◆ Raw data:
++++

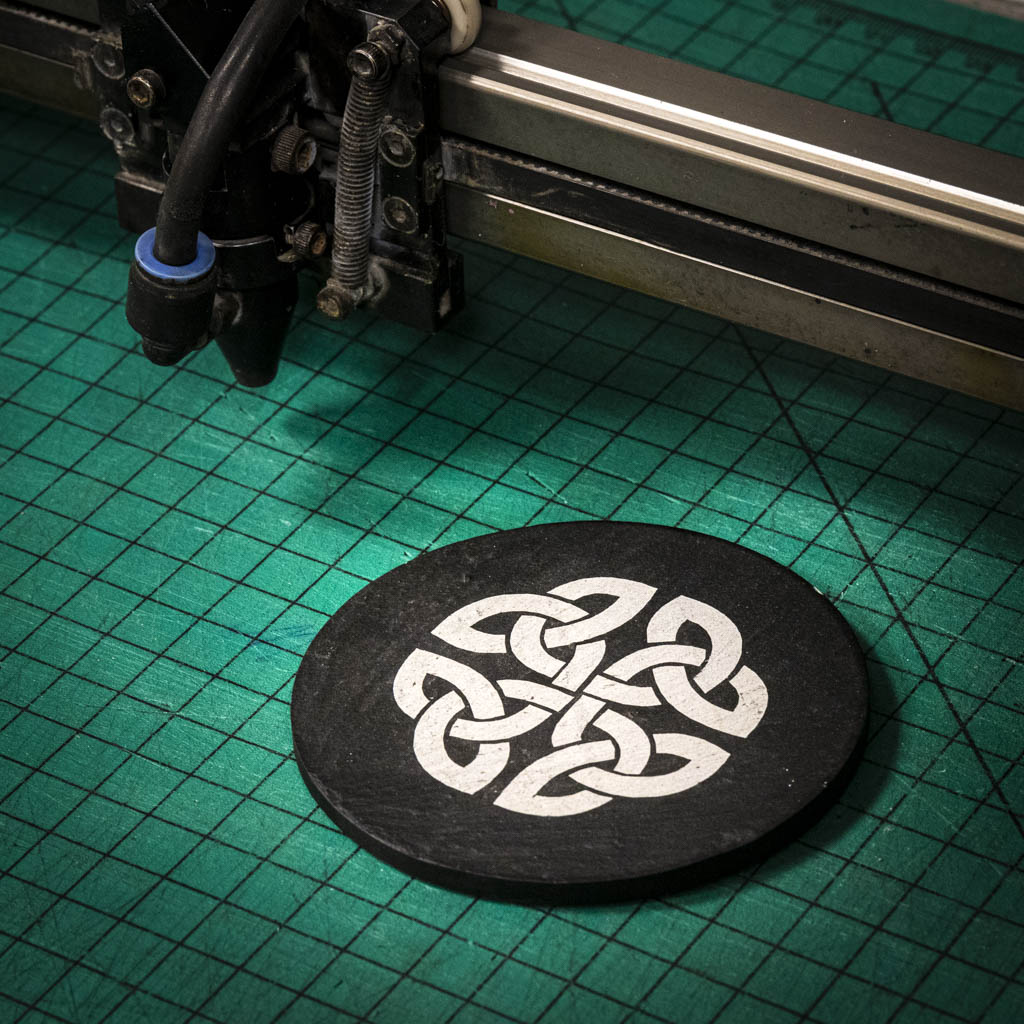 A laser engraved Welsh slate coaster with a Celtic Knot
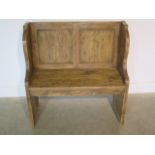 A rustic pine hall bench, 92cm tall x 91cm x 40cm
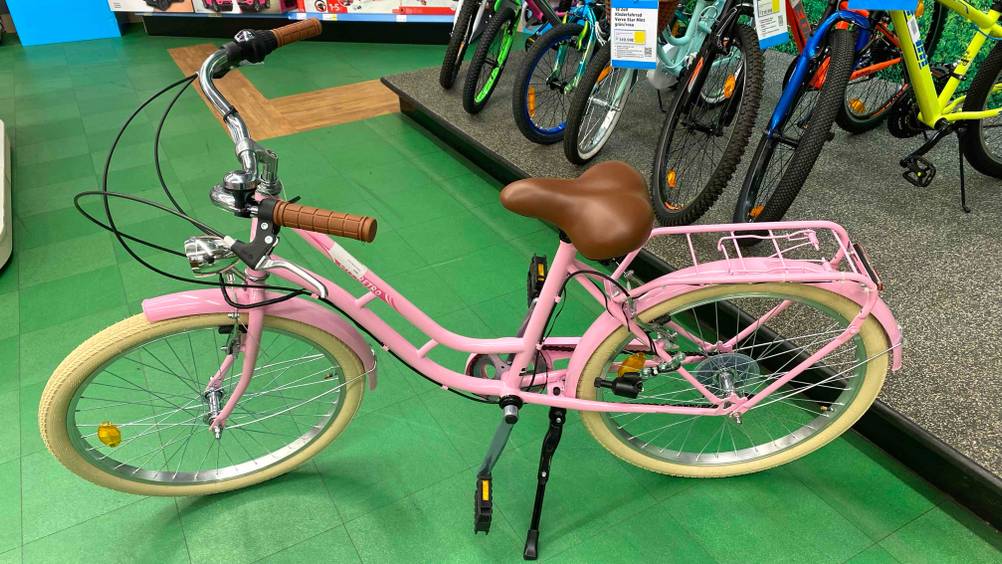 Ein getestetes Kinderfahrrad 24 Zoll in einem Verkaufsraum von der Seite im Hintergrund andere Räder.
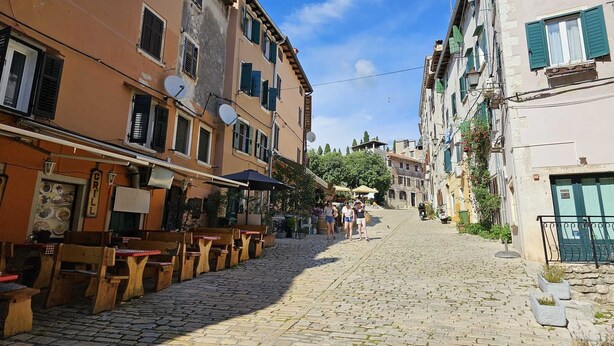 A cobblestone street lined with traditional buildings, outdoor seating, and a restaurant with a signboard. - MARE FUORI - Studio Apartment with Terrace (Rovinj)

++++

◆ Assignment: Write out the material above exactly; no pictures.

◆ Answer:
 A laser engraved Welsh slate coaster with a Celtic Knot
 A rustic pine hall bench, 92cm tall x 91cm x 40cm
 Ein getestetes Kinderfahrrad 24 Zoll in einem Verkaufsraum von der Seite im Hintergrund andere Räder.
 A cobblestone street lined with traditional buildings, outdoor seating, and a restaurant with a signboard. - MARE FUORI - Studio Apartment with Terrace (Rovinj)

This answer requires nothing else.